Le PDG de SNCF Réseau est l'invité du Grand Entretien du 7/9 d'inter. Il répond aux questions de Nicolas Demorand, Léa Salamé et les auditeurs de France Inter.

La réforme ferroviaire, décriée par la gauche et les syndicats, arrive demain mardi au Sénat avec de nouvelles retouches en vue, dont des signaux pour les syndicats réformistes avec la bénédiction de l'exécutif. 

Après le vote favorable à l'Assemblée, les trois jours de débats au Sénat vont permettre d'aboutir à un texte conforme à la volonté que porte le gouvernement, avec notamment la reprise de certains apports demandés par l'Unsa et la CFDT, a souligné Edouard Philippe.  A la SNCF, l'Unsa et la CFDT s'apprêtent à saisir les perches que le débat au Sénat leur offre cette semaine. De son côté, le patron de la SNCF, Guillaume Pepy, a estimé qu'il n'était pas imaginable que la grève des cheminots contre la réforme ferroviaire du gouvernement se poursuive durant les vacances d'été. 

Patrick Jeantet, PDG de SNCF Réseau, estime que "l’intersyndicale est divisée. Deux syndicats ont saisi la main tendue du Premier Ministre. Ils ont négocié des amendements qui seront voté au Sénat. Je pense que le Premier ministre et la ministre des Transports ont mis sur la table des éléments importants sur le financement du système ferroviaire". 

Le gouvernement annonce la reprise de 35 milliards d'euros de dettes, sur les 47 milliards de l'opérateur public. 

Pour SNCF Réseau, l’enjeu, c’est l’investissement sur le long terme. On a sous-investi dans le réseau classique. On rattrape le passé, et on modernise avec les nouvelles technologies.

La réforme s'appuie sur trois piliers, explique Patrick Jeantet : le maintien du monopole public, un cadre financier pour investir plus massivement et 200 millions d'euros d’investissements dès 2022.

Selon lui, "12 milliards de dette, c'est supportable pour une SA de taille très importante, contrôlée par l'Etat à 100 %".

Un cadeau pour les entreprises privées ? Non.

La grève, et après ? 

Patrick Jeantet conteste le résultat du référendum mené par les cheminots et il estime que "cette grève va laisser des traces dans l’entreprise". "70 % de nos personnels sont opposés à la réforme", assure le patron de SNCF Réseau.

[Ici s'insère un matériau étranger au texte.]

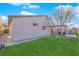 Well-maintained backyard with a lush green lawn, mature landscaping, and partial fencing at 4655 Fire Fly Cir, Las Vegas, NV 89122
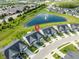 Aerial view of homes with a pond featuring a water fountain in the Millers Walk neighborhood at 17023 Adler Ln, Noblesville, IN 46060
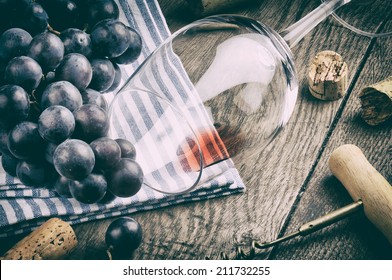 Retro setting with empty wine glass and grapes - Powered by Shutterstock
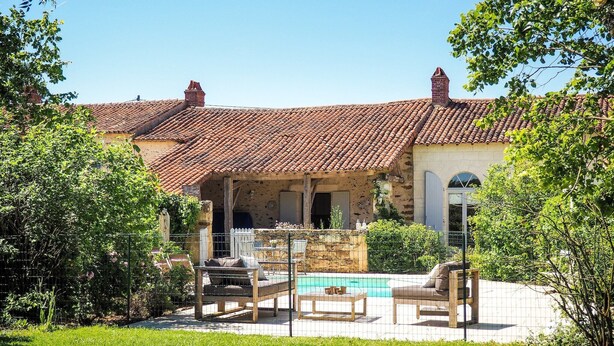 A villa with a tiled roof, a swimming pool, outdoor furniture, and a garden. - Holiday Home Saint-Laurent Pool & Garden (St. Laurent de la Salle)
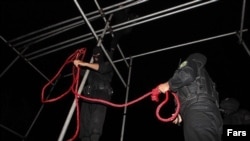 Iranian security officers prepare a rope for hanging. members preparing hanging rope. The Islamic republic has executed more people than any other country in the world other than China so far this year, according to Amnesty International. (file photo)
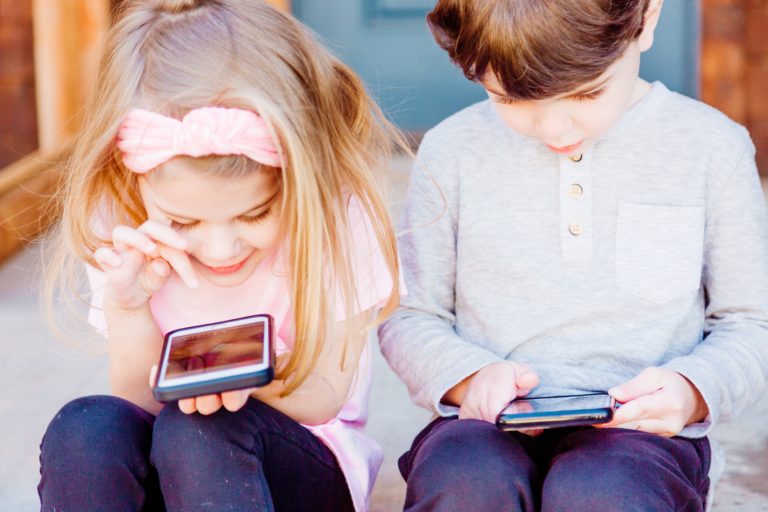 two children looking at the phones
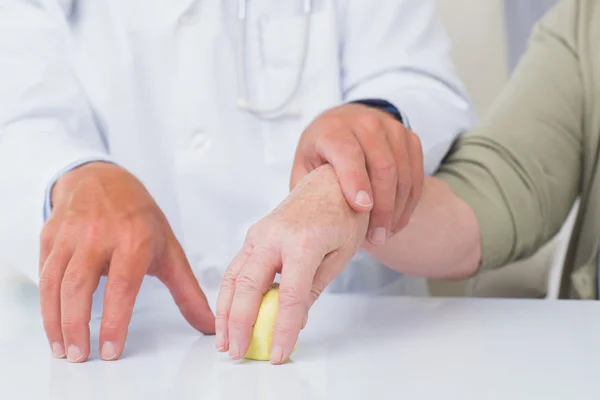 Doctor assisting female patient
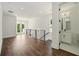 Hallway with wood floors, metal railing, leading to glass paneled doors and an open bathroom at 2200 Carlton Ct # 6, Atlanta, GA 30318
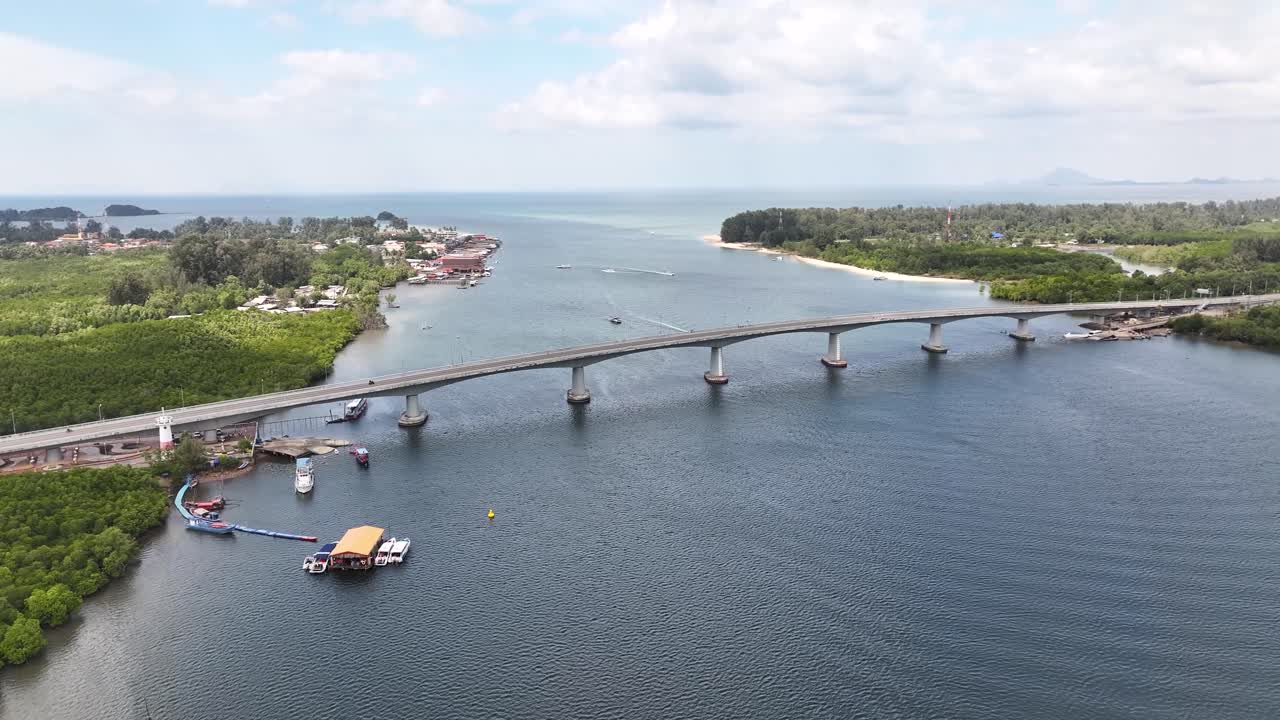 Siri Lanta Bridge in Koh Lanta Island, Krabi, Thailand. Remote place with ferry terminal and village.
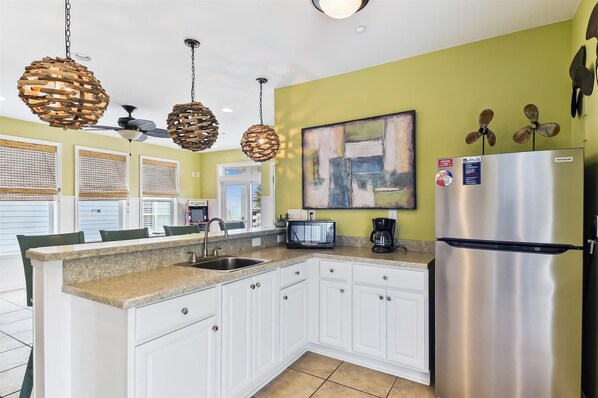 A kitchen with white cabinets, a stainless steel refrigerator, a microwave, and a coffee maker.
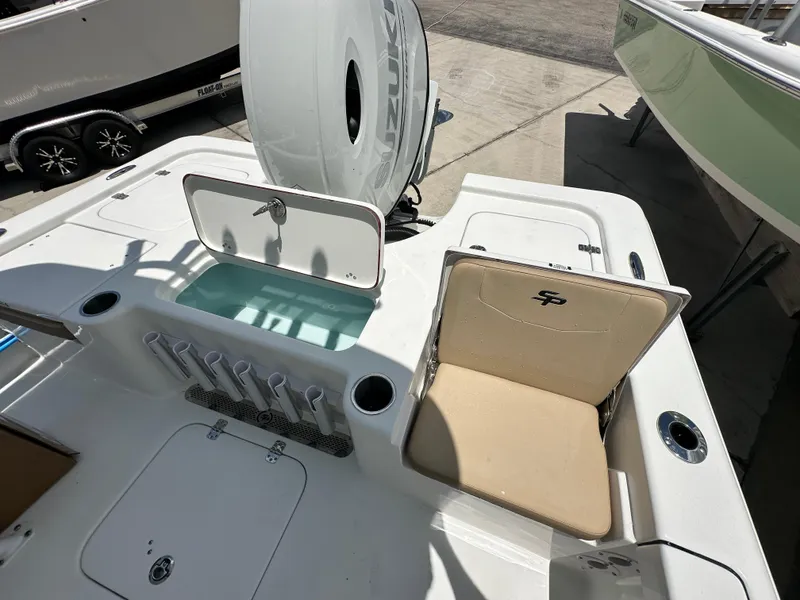 Slide: The Image of 2026 Sea Pro 230 Bay boat interior with storage compartments and rod holders. - 14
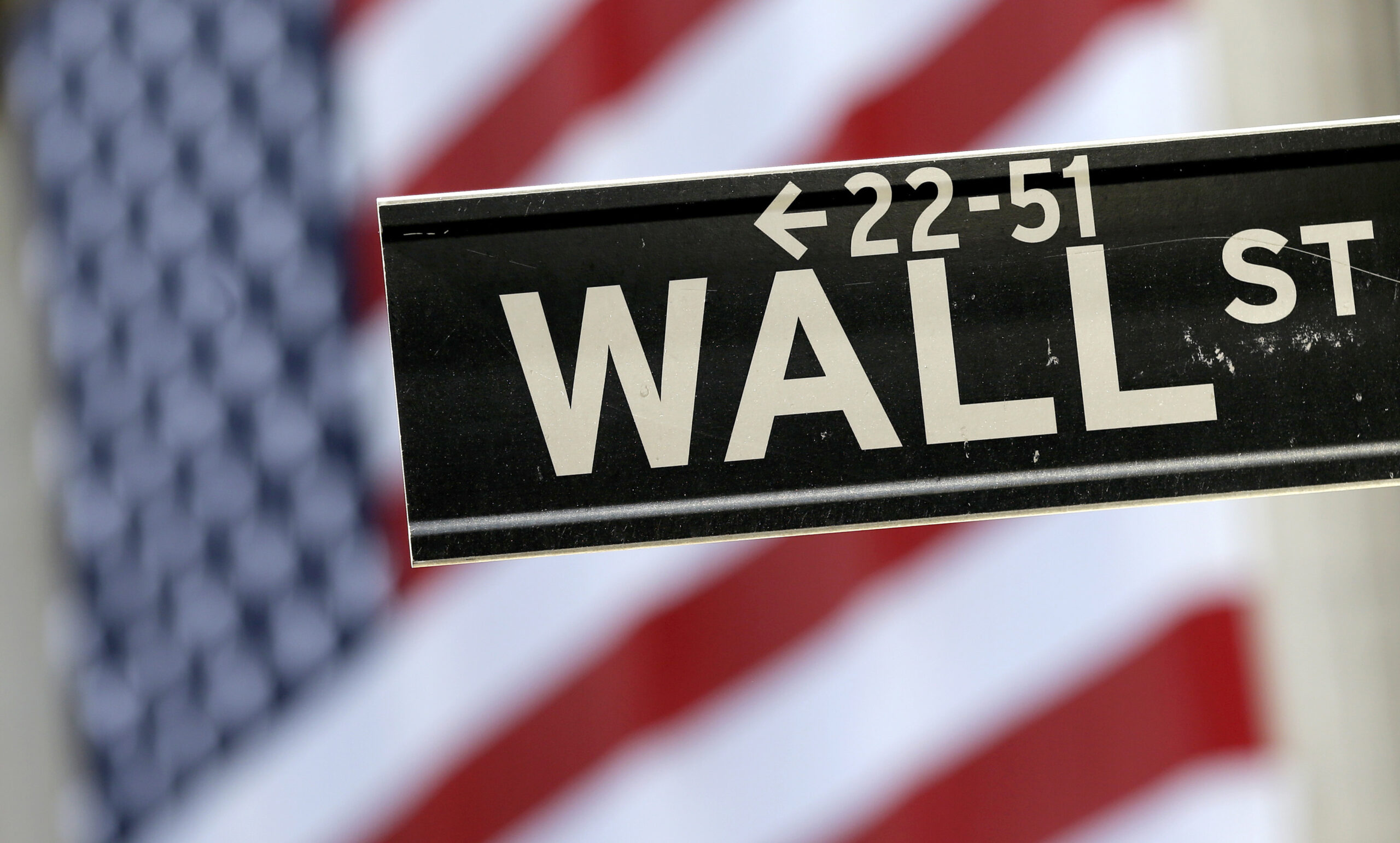 In this Tuesday, Sept. 8, 2015, file photo, a Wall Street street sign is framed by an American flag hanging on the facade of the New York Stock Exchange. (AP Photo/Mary Altaffer, File)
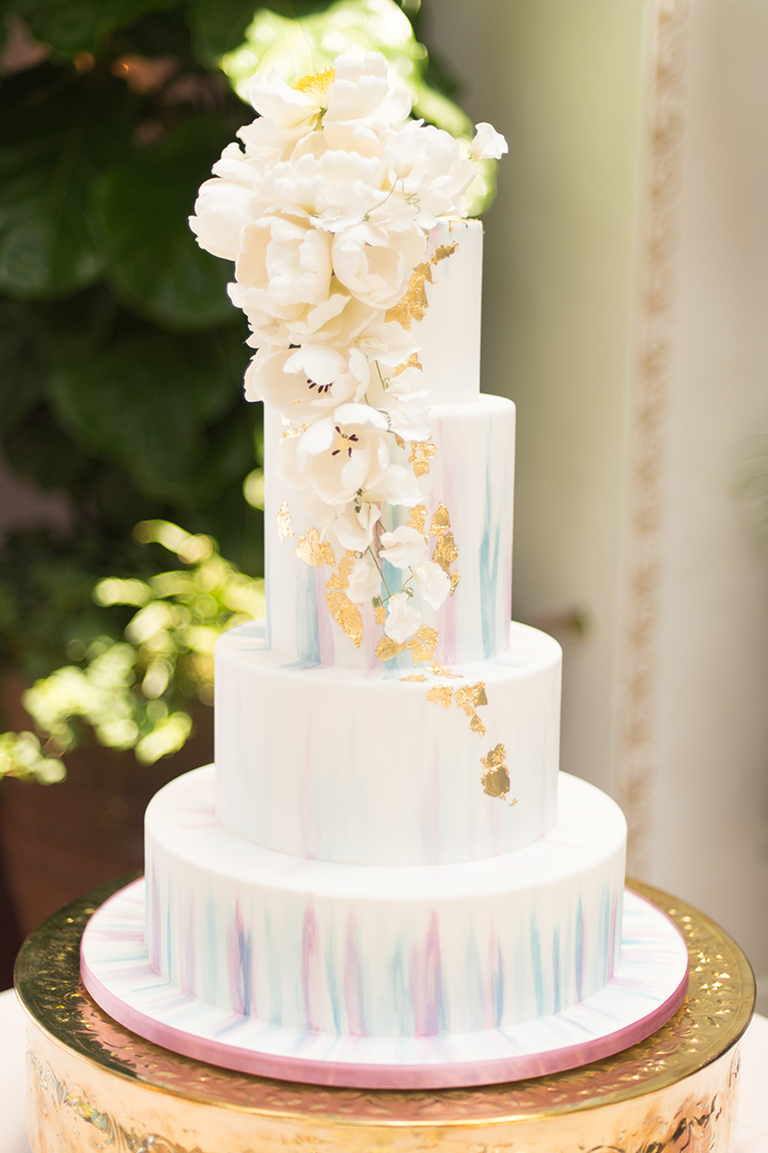 White wedding cake with watercolor designs and gold leafing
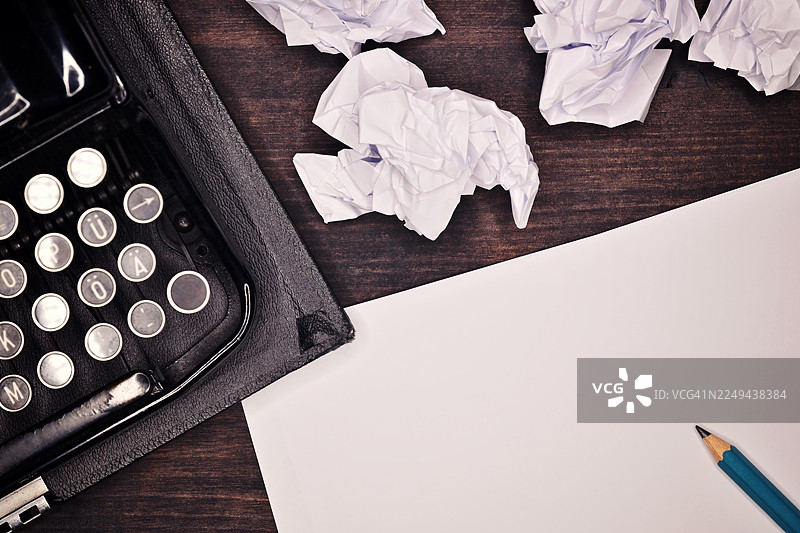 俯视角度拍摄的复古打字机、揉皱的纸张和铅笔放在木桌上，象征着写作和创作的挣扎图片素材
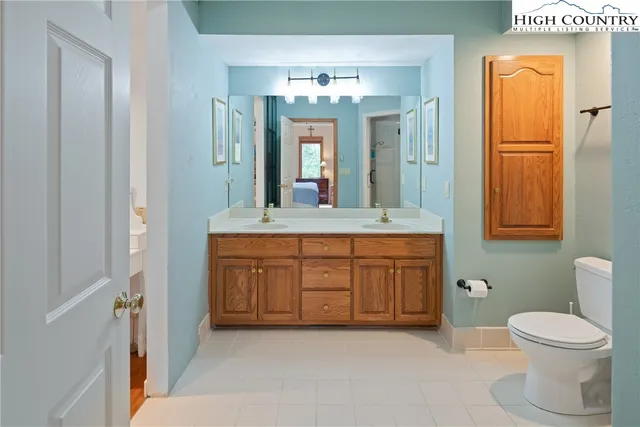 a spacious bathroom with a granite countertop sink a toilet a large mirror and shower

Le train dans cinquante ans ? 

Pour Patrick Jeantet, qui explique avoir  "investi sur l'hyperloop (on pourra circuler à 1000 km/h, comme dans un avion)", "beaucoup de nos employés travaillent sur des taches répétitives, mais à l'avenir ils seront déployés vers le service aux clients".

Le député Sébastien Jumelles interpelle Patrick Jeantet sur la première illustration des abandons des "lignes de vies", ou d'intérêt local, comme celle du Tréport-Dieppe, dont le dernier train a circulé ce week-end. Ces lignes d’intérêt local ne font pas partie de la réforme.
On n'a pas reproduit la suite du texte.